# What is being asked
A word-for-word reproduction of the data below is needed, with no pictures in it.

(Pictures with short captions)

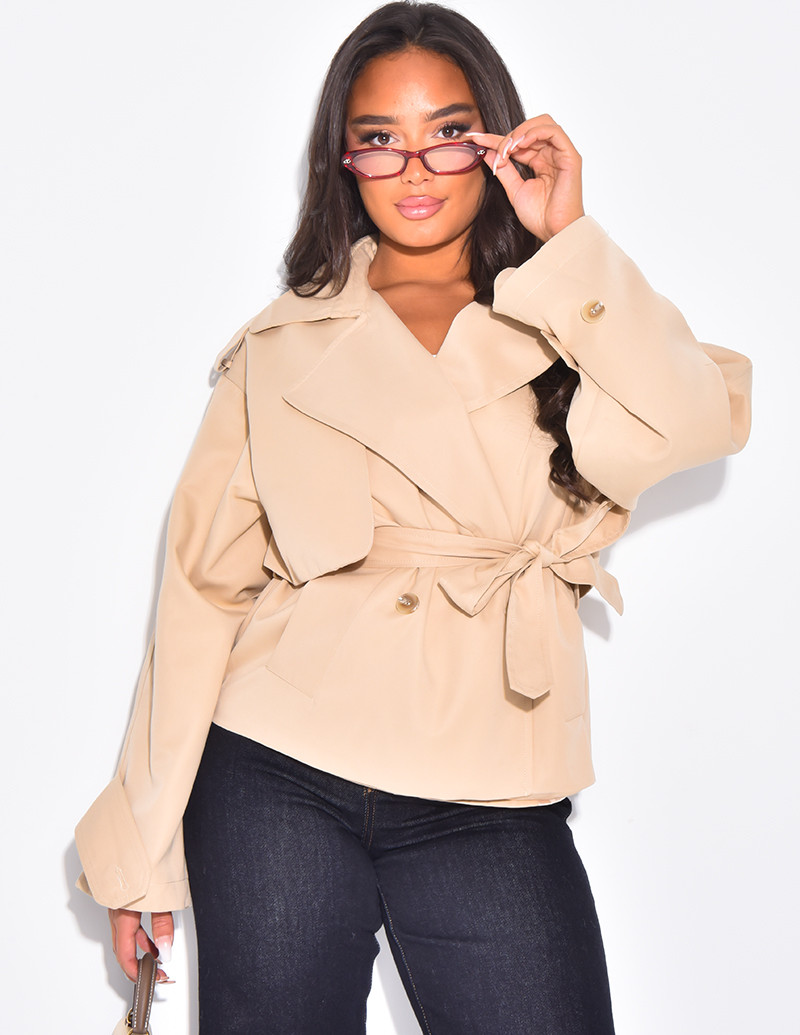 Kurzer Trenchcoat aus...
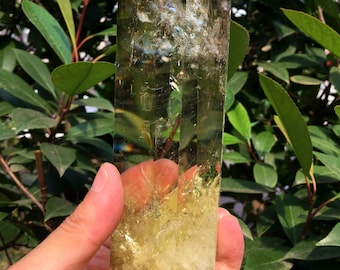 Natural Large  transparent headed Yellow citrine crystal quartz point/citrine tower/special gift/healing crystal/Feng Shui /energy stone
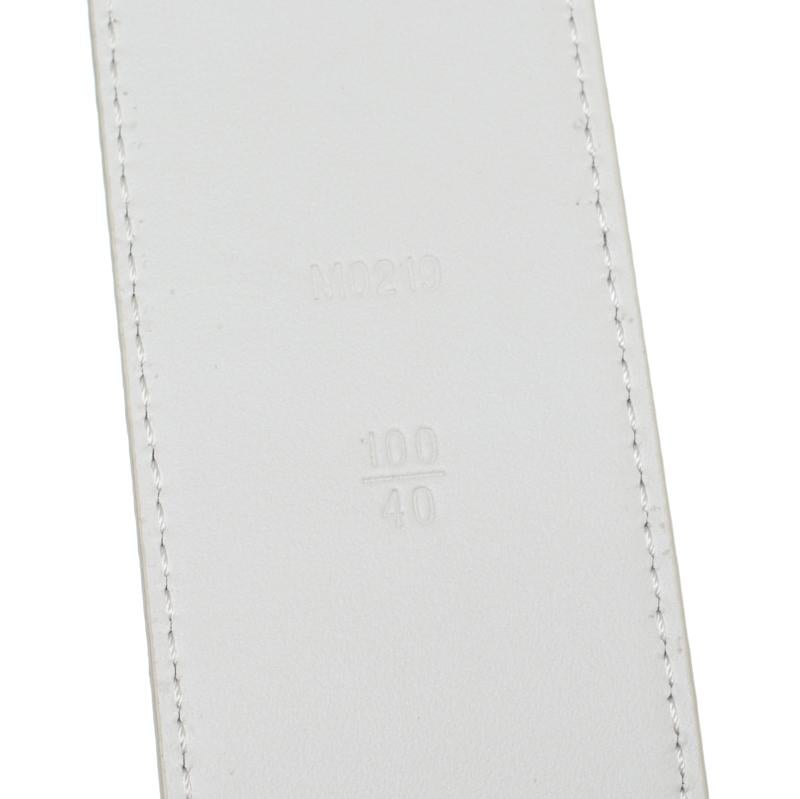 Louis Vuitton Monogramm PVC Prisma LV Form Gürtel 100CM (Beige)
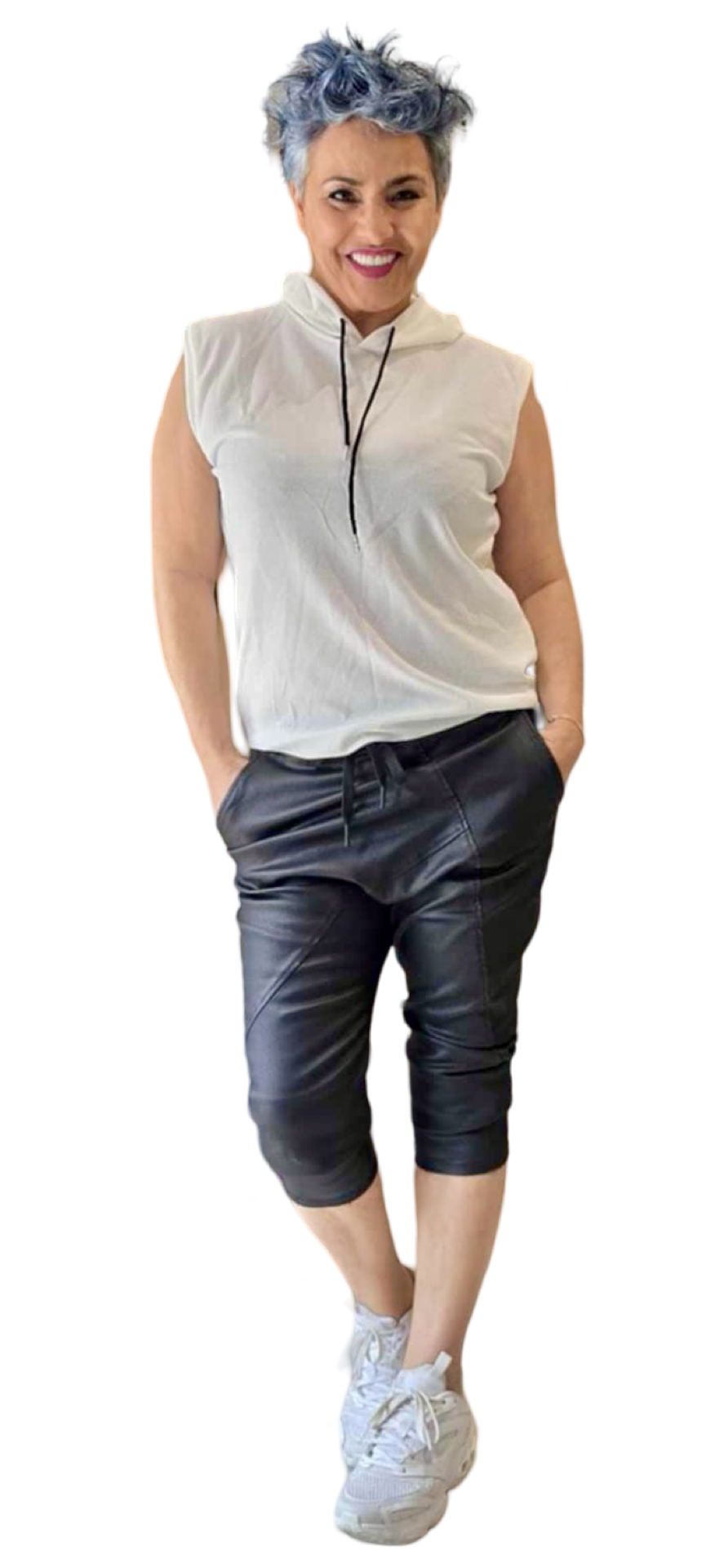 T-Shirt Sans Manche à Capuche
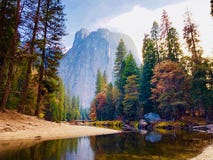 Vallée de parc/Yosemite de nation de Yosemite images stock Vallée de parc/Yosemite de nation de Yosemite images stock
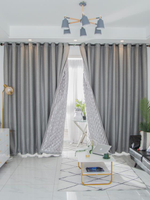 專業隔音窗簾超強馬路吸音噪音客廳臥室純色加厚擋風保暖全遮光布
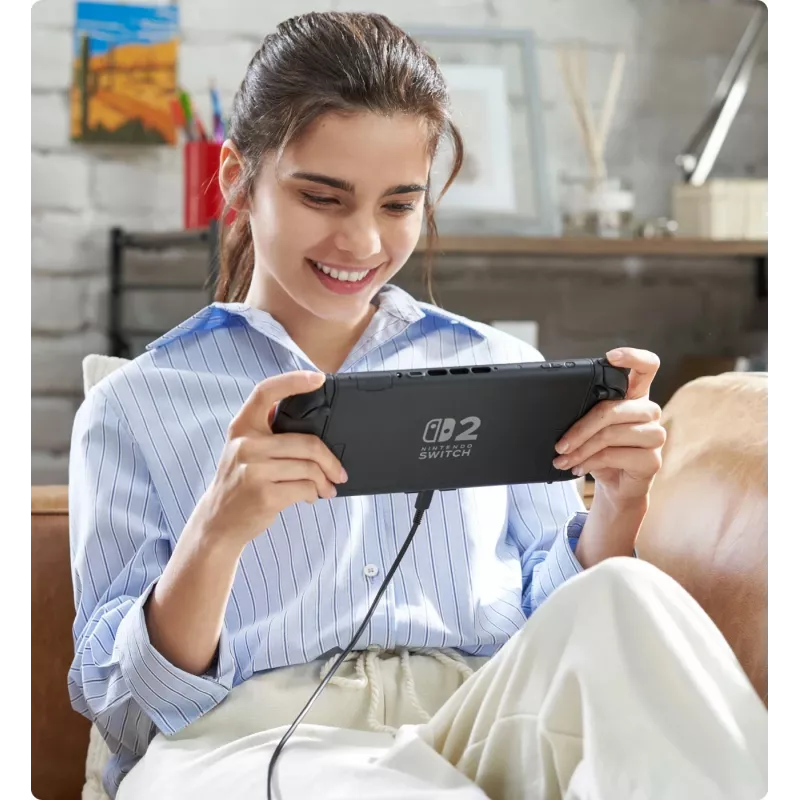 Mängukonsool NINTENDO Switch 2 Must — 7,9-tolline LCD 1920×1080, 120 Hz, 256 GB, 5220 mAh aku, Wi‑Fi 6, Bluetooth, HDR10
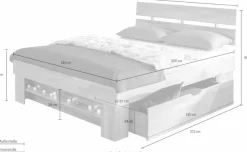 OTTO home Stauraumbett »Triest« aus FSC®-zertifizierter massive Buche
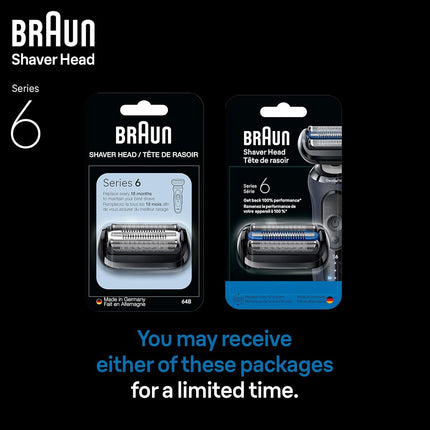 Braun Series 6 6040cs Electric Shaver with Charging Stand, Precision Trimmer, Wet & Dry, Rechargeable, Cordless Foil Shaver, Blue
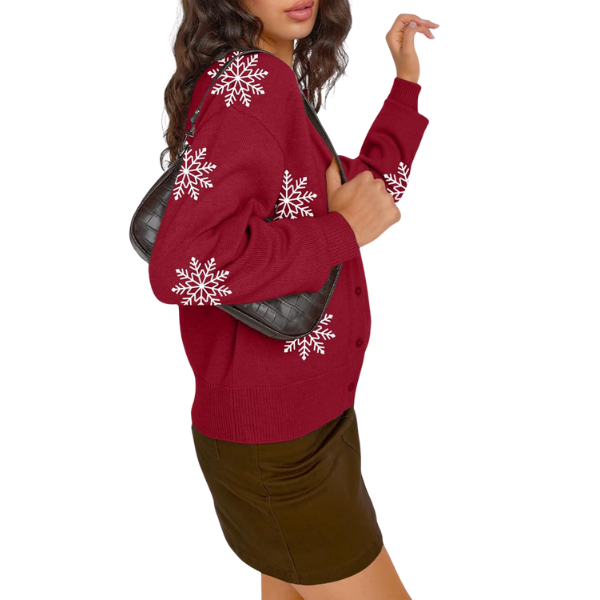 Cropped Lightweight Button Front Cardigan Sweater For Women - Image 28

# Output for this exercise
 Kurzer Trenchcoat aus...
 Natural Large  transparent headed Yellow citrine crystal quartz point/citrine tower/special gift/healing crystal/Feng Shui /energy stone
 Louis Vuitton Monogramm PVC Prisma LV Form Gürtel 100CM (Beige)
 T-Shirt Sans Manche à Capuche
 Vallée de parc/Yosemite de nation de Yosemite images stock Vallée de parc/Yosemite de nation de Yosemite images stock
 專業隔音窗簾超強馬路吸音噪音客廳臥室純色加厚擋風保暖全遮光布
 Mängukonsool NINTENDO Switch 2 Must — 7,9-tolline LCD 1920×1080, 120 Hz, 256 GB, 5220 mAh aku, Wi‑Fi 6, Bluetooth, HDR10
 OTTO home Stauraumbett »Triest« aus FSC®-zertifizierter massive Buche
 Braun Series 6 6040cs Electric Shaver with Charging Stand, Precision Trimmer, Wet & Dry, Rechargeable, Cordless Foil Shaver, Blue
 Cropped Lightweight Button Front Cardigan Sweater For Women - Image 28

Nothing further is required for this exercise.